### Supplied records
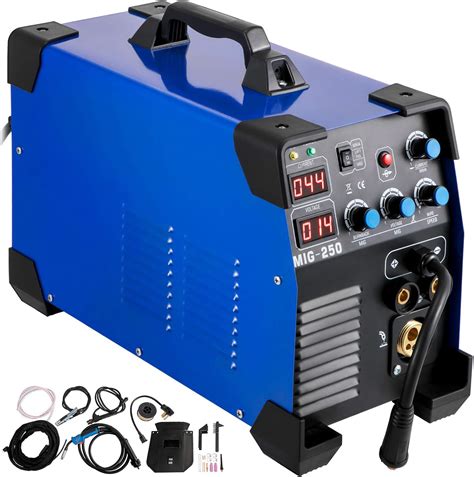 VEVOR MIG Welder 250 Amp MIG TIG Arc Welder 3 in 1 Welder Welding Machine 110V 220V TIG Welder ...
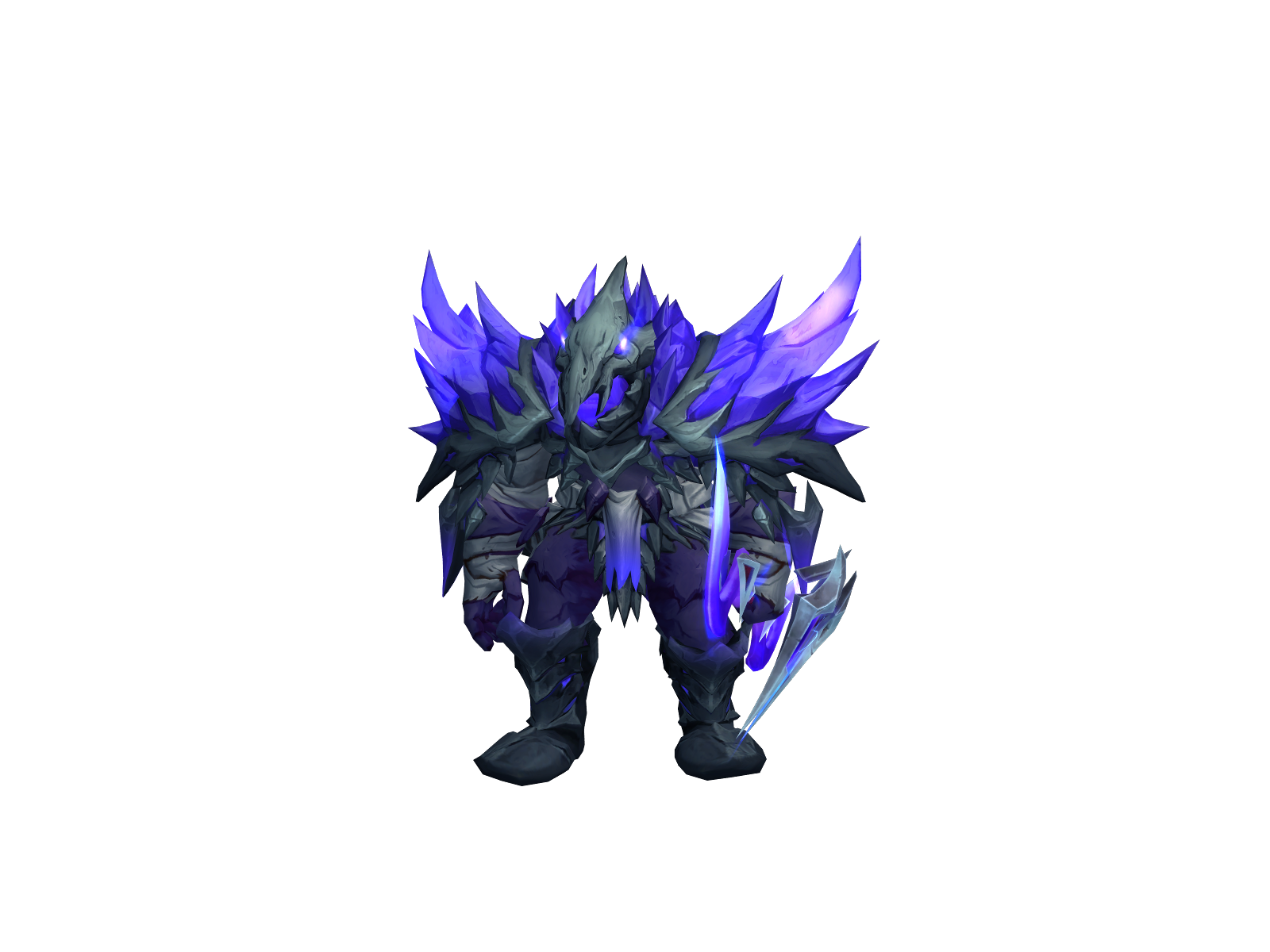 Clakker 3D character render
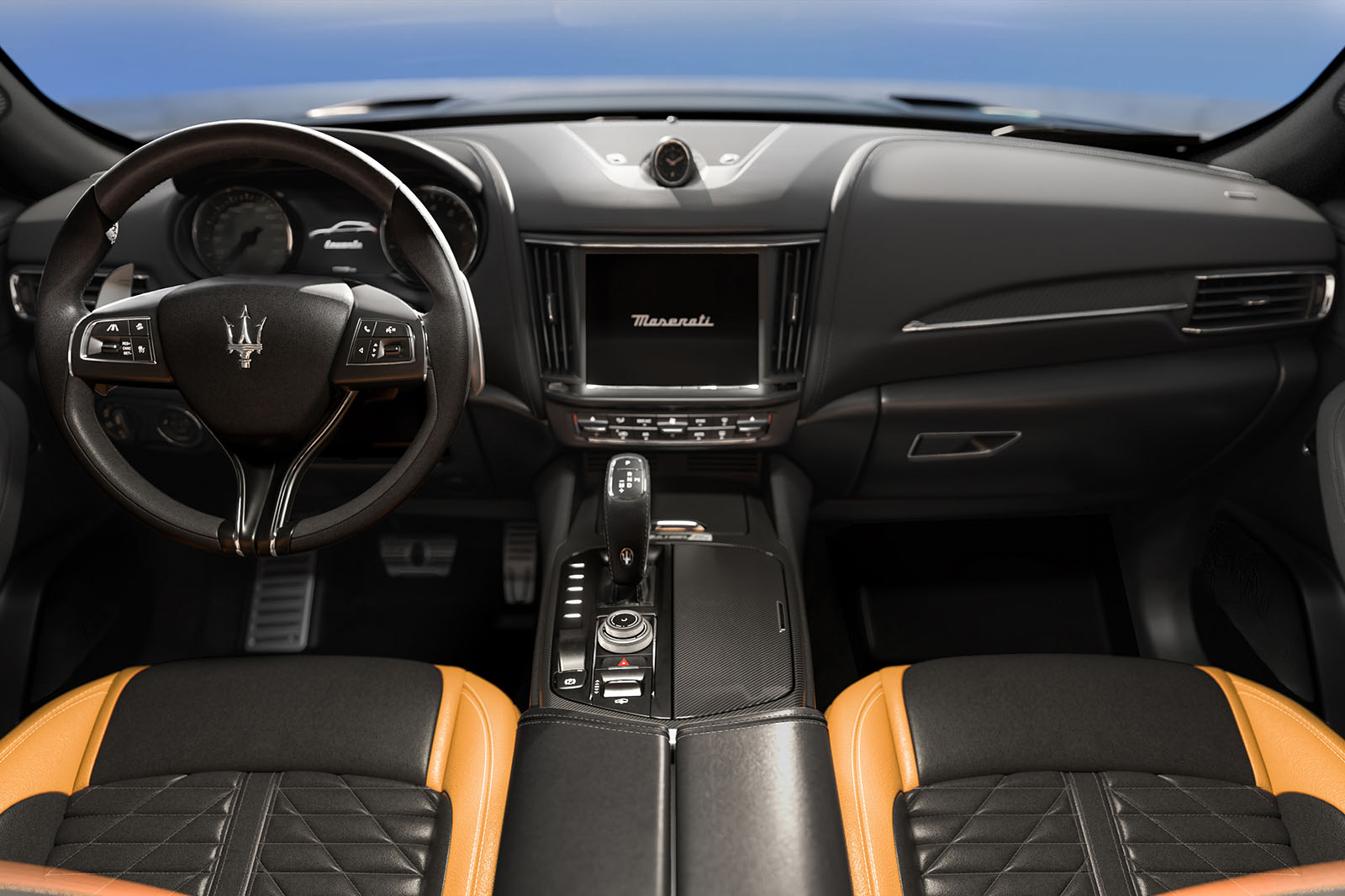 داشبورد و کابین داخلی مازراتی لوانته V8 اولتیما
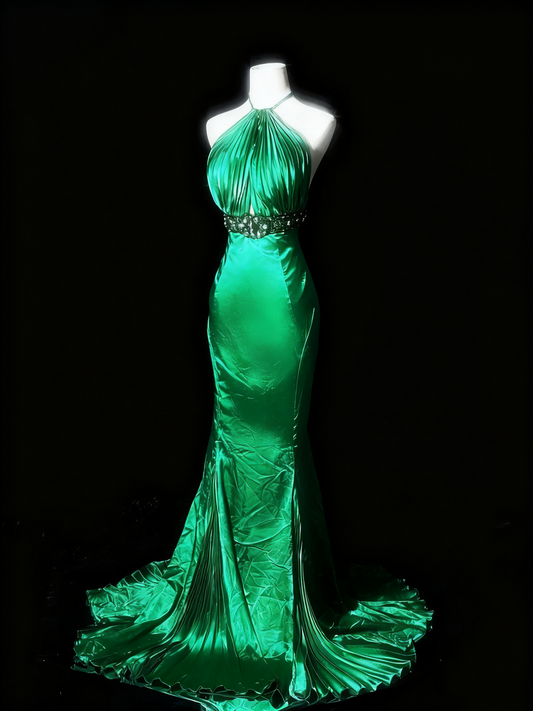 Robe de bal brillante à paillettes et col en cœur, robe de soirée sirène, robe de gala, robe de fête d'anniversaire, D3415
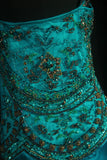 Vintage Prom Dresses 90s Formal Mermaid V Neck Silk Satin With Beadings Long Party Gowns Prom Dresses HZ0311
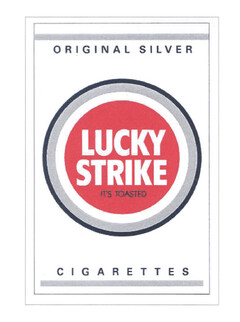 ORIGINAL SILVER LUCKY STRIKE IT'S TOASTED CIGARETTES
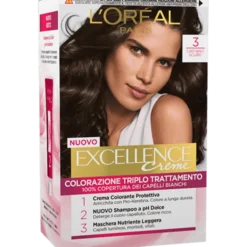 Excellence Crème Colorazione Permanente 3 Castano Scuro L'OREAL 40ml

---

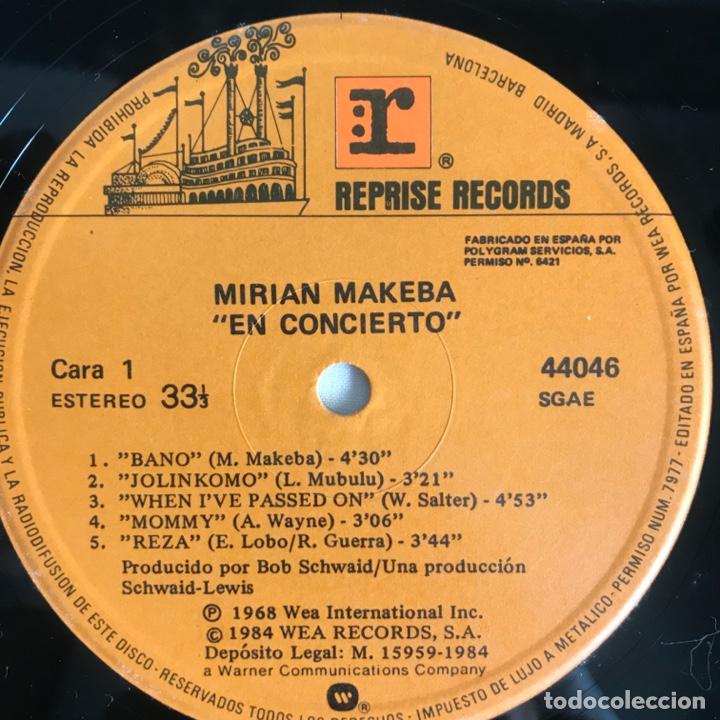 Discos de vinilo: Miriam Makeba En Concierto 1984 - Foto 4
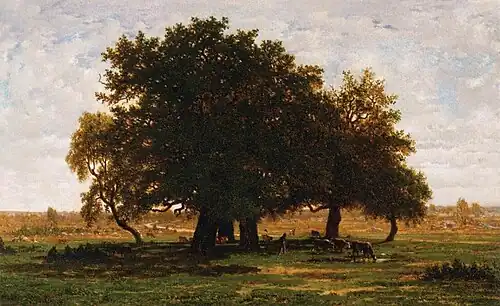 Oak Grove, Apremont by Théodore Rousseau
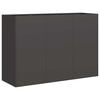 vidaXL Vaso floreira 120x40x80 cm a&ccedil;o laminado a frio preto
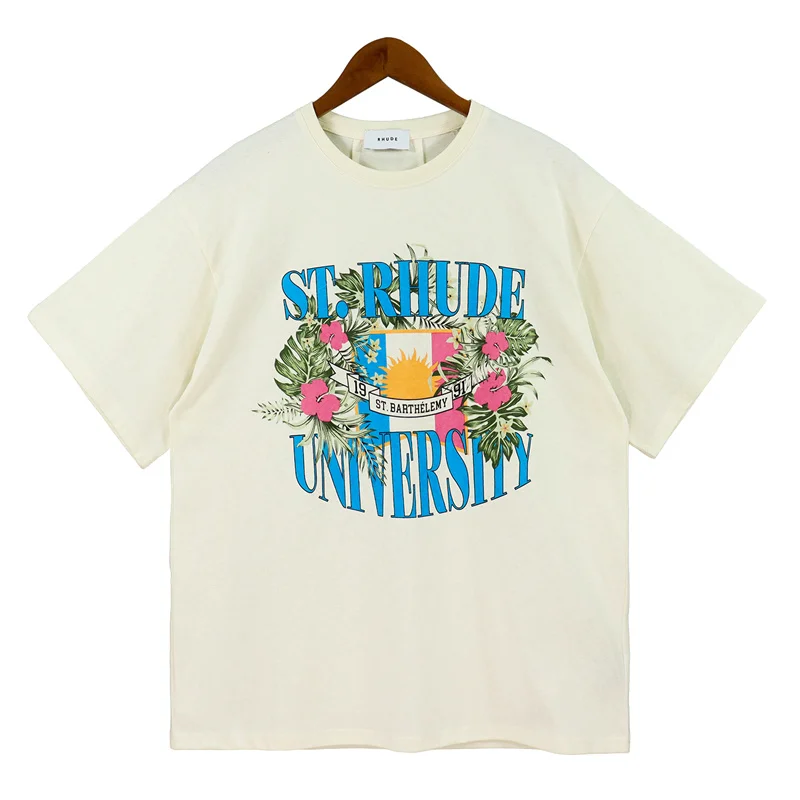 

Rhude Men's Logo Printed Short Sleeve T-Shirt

### Exercise description
The answer must be the part of the records that opens with the line containing "Discos de vinilo: Miriam" and closes with the line containing "Rhude Men's Logo Printed Short Sleeve T-Shirt", reproduced exactly, with no pictures.

### Solution
 Discos de vinilo: Miriam Makeba En Concierto 1984 - Foto 4
 Oak Grove, Apremont by Théodore Rousseau
 vidaXL Vaso floreira 120x40x80 cm a&ccedil;o laminado a frio preto

Rhude Men's Logo Printed Short Sleeve T-Shirt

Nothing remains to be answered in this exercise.